(Image-caption web data)
┌──

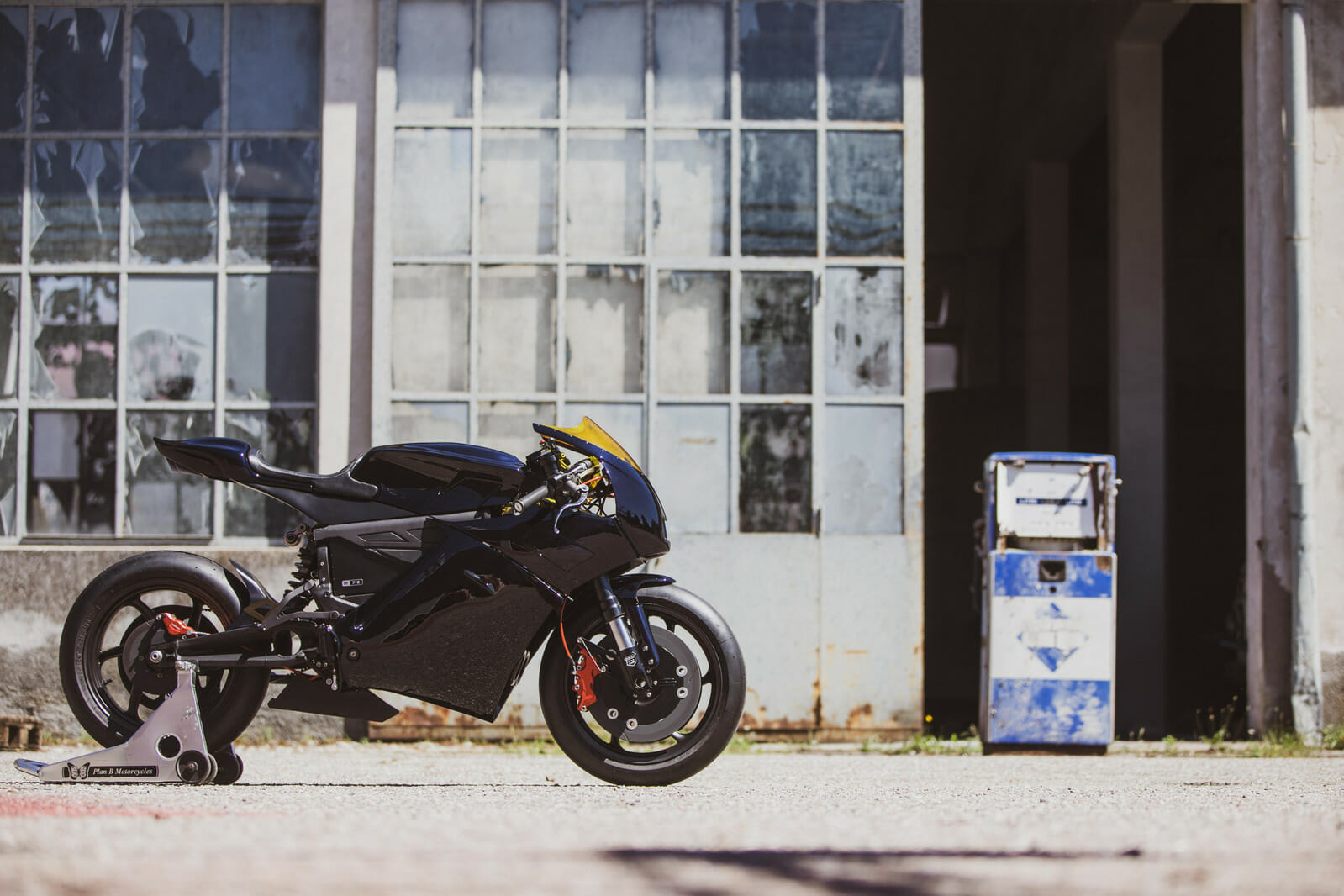 A black sports motorcycle is parked in front of an old industrial building with large windows and beside a weathered blue and white fuel pump.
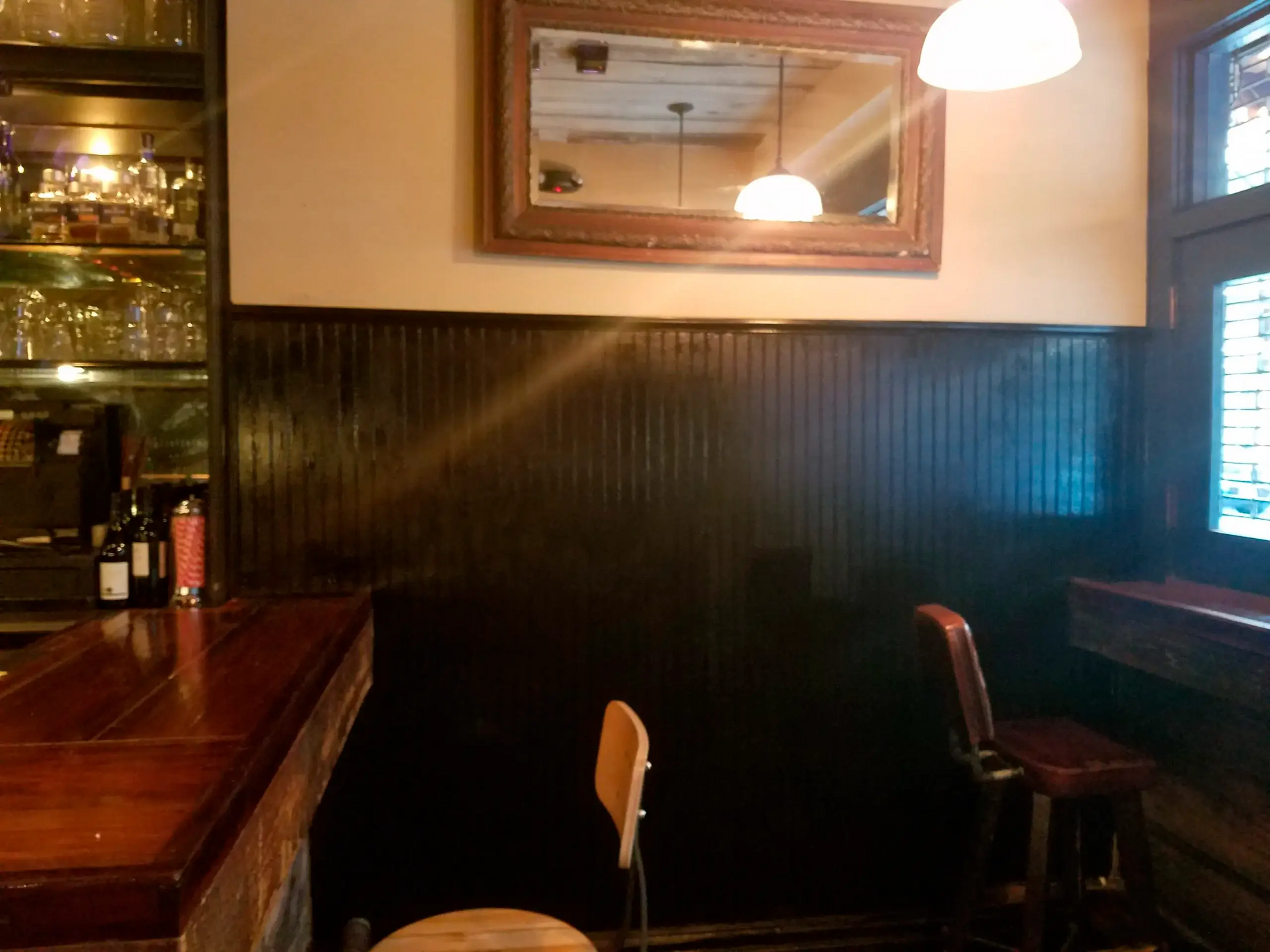 A corner of a restaurant with a mirror on the wall
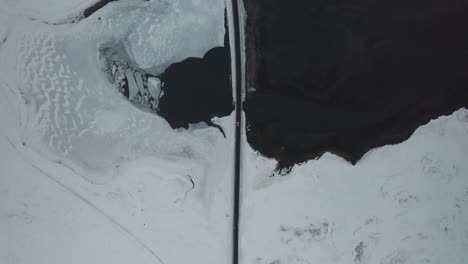 Bird's-eye-view-of-a-car-driving-on-a-bridge-in-Iceland-in-winter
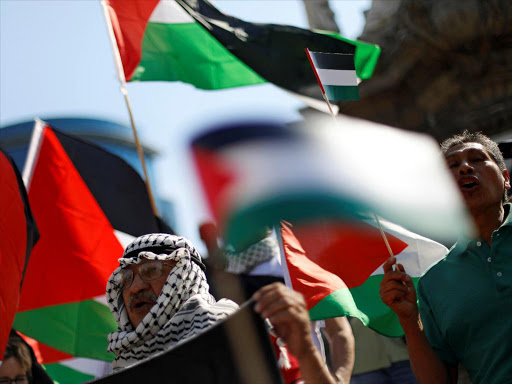 Pro-Palestinian protesters take part in a demonstration to protest against the US embassy move to Jerusalem and ahead of the 70th anniversary of Nakba, at the Angel of Independence monument in Mexico City, Mexico May 14, 2018. /REUTERS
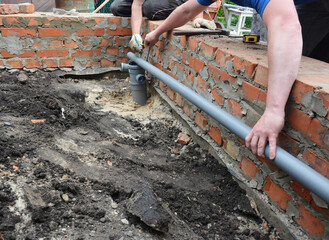 Obraz premium Plumbers Installing Sewer Drain Pipe in House Foundation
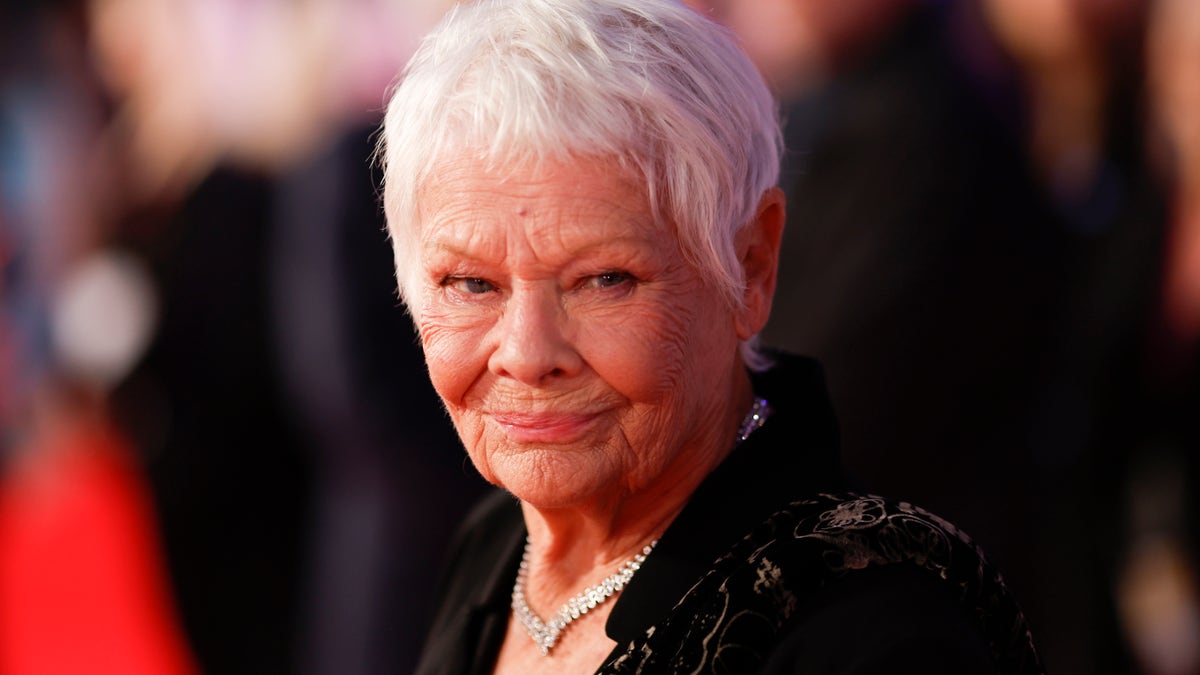 Judi Dench smiles on the red carpet of a film festival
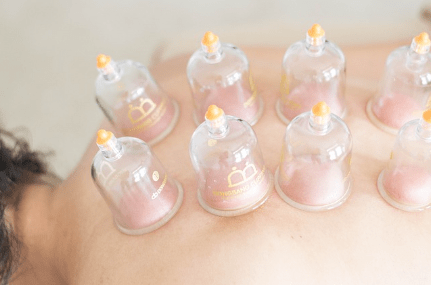 Cupping applied along the back during a massage treatment session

└──

What the task requires –
Write out the data above in full and exactly, but without the pictures.

Solution to the exercise –
 A black sports motorcycle is parked in front of an old industrial building with large windows and beside a weathered blue and white fuel pump.
 A corner of a restaurant with a mirror on the wall
 Bird's-eye-view-of-a-car-driving-on-a-bridge-in-Iceland-in-winter
 Pro-Palestinian protesters take part in a demonstration to protest against the US embassy move to Jerusalem and ahead of the 70th anniversary of Nakba, at the Angel of Independence monument in Mexico City, Mexico May 14, 2018. /REUTERS
 Obraz premium Plumbers Installing Sewer Drain Pipe in House Foundation
 Judi Dench smiles on the red carpet of a film festival
 Cupping applied along the back during a massage treatment session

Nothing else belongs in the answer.